As far as concerts go, the lineup impresses, but isn’t otherwise noteworthy if it were happening in say San Francisco, New York or LA though.
What makes the event unique though is that it is happening in Napa Valley. Bottle Rock is a different take on music in Napa on two different levels. First, it represents a sea change in the type of music most wineries think their guests might be interested in. To this point wineries have catered to what they believe to be their average customer, people over the age of 50. That means they’ve lined up jazz artists, more jazz artists, an easy listening set and then a couple more jazz artists.
It’s worked fairly well, but the Valley has become green with envy when vintners started seeing the type of unique events happening at urban wineries, which are bound to cut into their market share if they don’t adapt.
This is clearly a step in the right direction. The bands playing are as varied as the music we currently hear on the American Top 40 countdown. Country efforts from the Zack Brown Band, Train and hip hop socially conscious Macklemore and Ryan Lewis.

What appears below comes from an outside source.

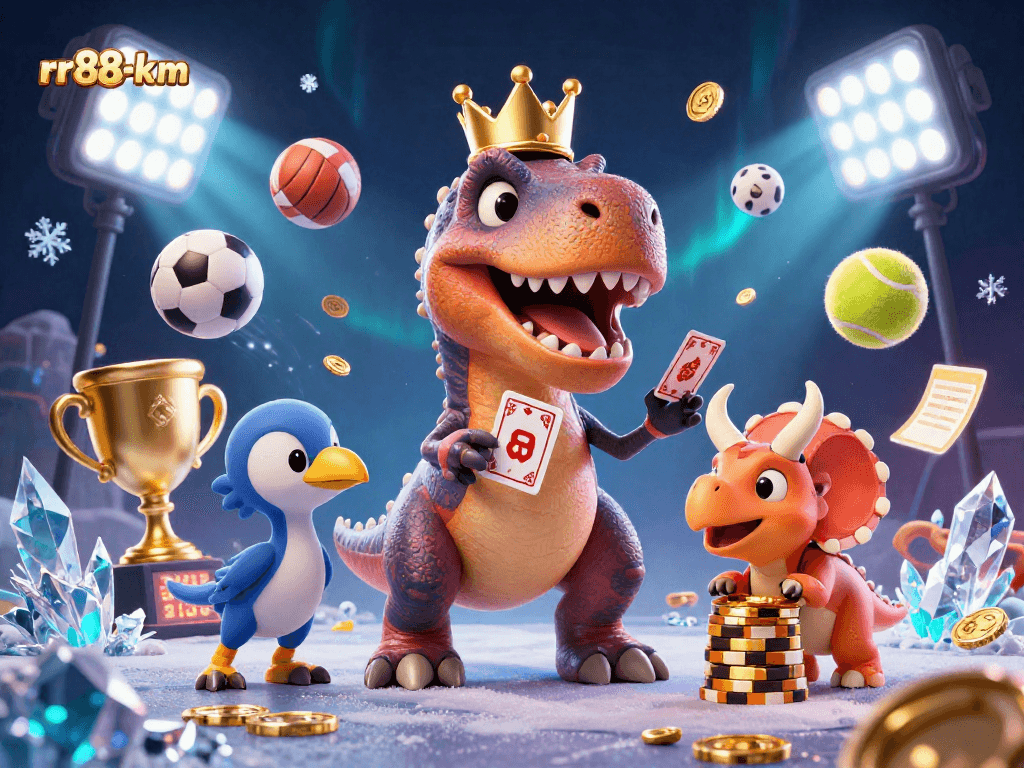 Engaging scene of rr88-km characters gambling with cards and chips amidst vibrant sports elements.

Other than the music though, bringing 35,000 people into Napa for a concert represents the culmination of over 40 years of infighting within Napa Valley. Since its inception Napa has been dominated by two groups, grape growers and the vintners who make the wine. For many years, that complex and symbiotic relationship has been largely governed by the Ag Preserve in Napa which not only sets out how much land must be kept for open space and agricultural space, but also set up a series of roadblocks to control and in many ways minimize the type of marketing that the average winery in Napa could do on a yearly basis.
Allowing a major concert to come to Napa along with the virtual shutdown of the Valley for 5 days (the concert site shows a Thursday-Sunday lineup, but Wednesday night was a charity based evening) shows the current thinking in the Valley. It’s time to compete again for consumer dollars
Personally, I hope the Ag Preserve continues to allow the history and agricultural base of the Valley to continue to shine through-but I also hope that events like this become the rule and not the exception.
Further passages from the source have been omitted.